How to Maximize Underground Design Efficiency

The United States is embarking on a massive infrastructure buildout to support as much as $10 trillion of new investments. Even if just 50% of that total is achieved, that’s still a significant amount of investment.

New auto factories, chip manufacturing plants, drug re-shoring, and the development of huge data centers to support the advent of Artificial Intelligence (AI) and robotics are coming. These new economic development opportunities will require new transportation systems with roads, bridges and ports, new electric and gas transmission lines, new water and wastewater infrastructure, and new fiber for phase one of the projects through their ultimate build-out. The demand will be high. The need will be immediate. There will be no time for lengthy planning, permitting, and design processes. The fast movers will deploy new design and construction technologies at the speed of business. AI-informed designs, building information models (BIM) using 3D–6D models for design, construction, scheduling, cost control and environmental impacts, 3D printing, advancements in material science, new construction equipment married with robotics, and more. It will all impact the safe and efficient construction of the twenty-first-century infrastructure we need to reliably and affordably serve a wide variety of new factories and industries in a competitive world marketplace. It is the future, and we have the opportunity to lead it.

The American Society of Civil Engineers and their Future World Vision encourages members to consider the future in everything we design and build.

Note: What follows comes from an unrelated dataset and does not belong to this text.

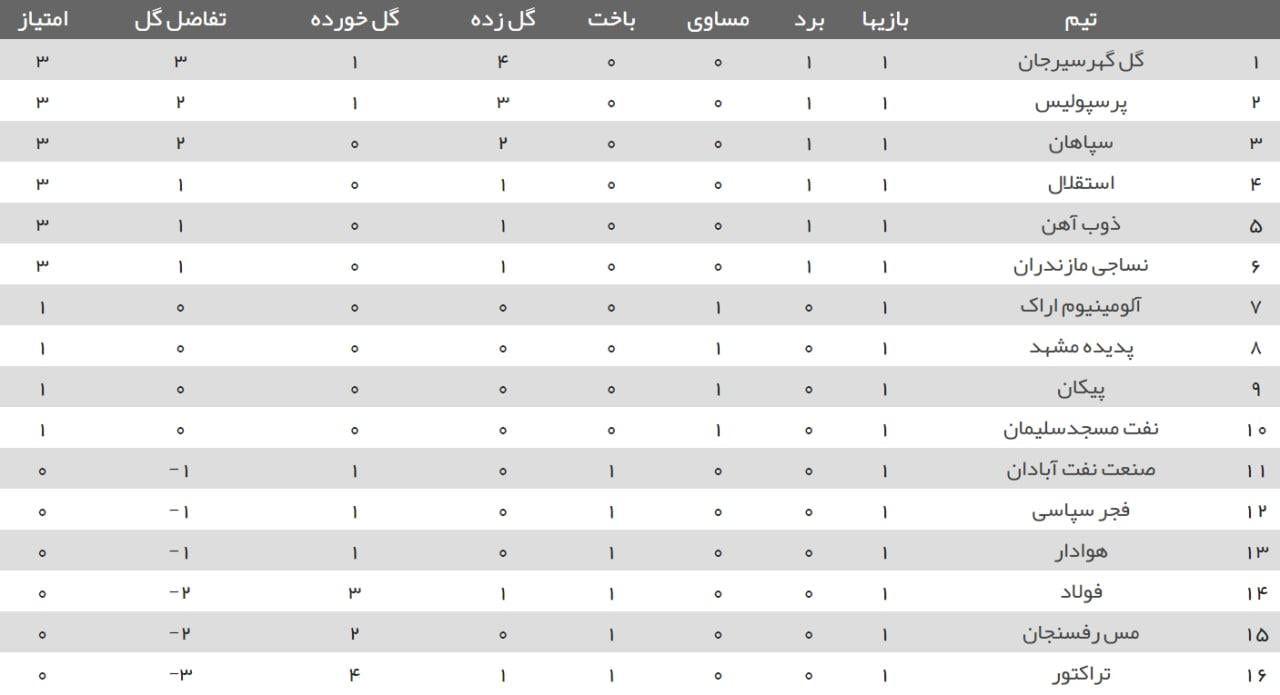 جدول رده بندی لیگ برتر در پایان هفته اول | شروع مقتدرانه مدعیان قهرمانی | دیلی فوتبال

Our world is changing at an accelerating pace. Understanding the drivers of change is more critical than ever. Our future will require a new way of doing things. A new plan. A new vision.

A Better Future

Subsurface utility engineering (SUE) is the starting point for most infrastructure projects. To achieve a better future, we must change fundamental aspects of the way we work together at the earliest stages of the project. Currently, underground infrastructure projects involve dozens of stakeholders, yet they are not always aligned on basic information fundamental to project success. Even when they’re working on the same job site, each company, consultant, contractor, subcontractor, supplier, and agency may operate in silos and sometimes must rely on incomplete, out-of-date, or missing data. It can be impossible to achieve early alignment as a team when there’s no connective data infrastructure to begin the project from a common baseline and keep shared information updated throughout the project phases.

The challenge of quality SUE seems simple, but the negative consequences are devastating: costly utility strikes, planning errors, construction delays, poor asset management, inadequate modernization of the infrastructure grid, reduced resiliency, lost revenue from service disruptions to utility customers, and more. And the consequences affect everyone. Whether it’s the project owner determining the project footprint, the civil engineer designing the 3D model, the project manager working between the back office and the site, or the excavator operator breaking ground—they’re all held back by increased risk due to the lack of a comprehensive, up-to-date SUE map for every project site.

Today’s methods are no longer sustainable for meeting the demands of building tomorrow’s infrastructure. But what if we could change this? What if we could drive better alignment, transparency, and outcomes to bring project stakeholders together from the beginning?

When everyone involved can instantly access the same reliable data, projects move forward quickly, decisions become clearer, and outcomes improve. Data alone won’t futureproof underground infrastructure. People, empowered by the same reliable data, will. When everyone shares data, we build better together.

Where to Begin?

At the very beginning, of course. What does my project site look like? What is its topography and geology? What and where are the overhead obstacles? Where are the underground utilities? Who owns the surrounding property? A myriad of details that today, in the age of AI, has become increasingly easier to quickly and accurately integrate into an initial, but information-rich, digital twin model.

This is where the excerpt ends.